With 11 Premier League matches now played, if all of the new signings had been available to kick off the season, that would have collectively meant a maximum of 66 PL starts so far. The reality has been only 20 between the six of them, with Woltemade (8) heavily (overly?) relied on and starting all eight league matches once signed and international clearance to play, then you have Thiaw (8) and Elanga (4), with Ramsey just the one Premier League start and both Wissa and Ramsdale yet to make one.
Of course, the fact that Elanga was a Premier League experienced player and signed in good time, yet has only started four of the eleven Premier League matches, isn’t a great positive.
However, I wanted in this article to concentrate on these longer standing factors that were always set to impact this 2025/26 season, especially the early stages of it. So the situation that ended up seeing Minteh and Anderson sold in June 2024 when they should have now been big players for Newcastle now, plus how this summer’s transfer window has led to so many extra complications, but call a half for now on the rest.
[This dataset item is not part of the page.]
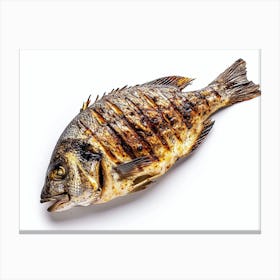 Grilled Fish Isolated On White Background Canvas Print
This article is lengthy enough and I will shortly follow up with another, going into all the other various areas and issues, giving my take on the quality of the signings made, the injuries and suspensions that have impacted, the tactics and formations used, the packed schedule of matches, with special focus naturally on Eddie Howe himself and how successfully (or not) he has coped with the cards he has been dealt. Plus how I personally see the season turning out as we go on.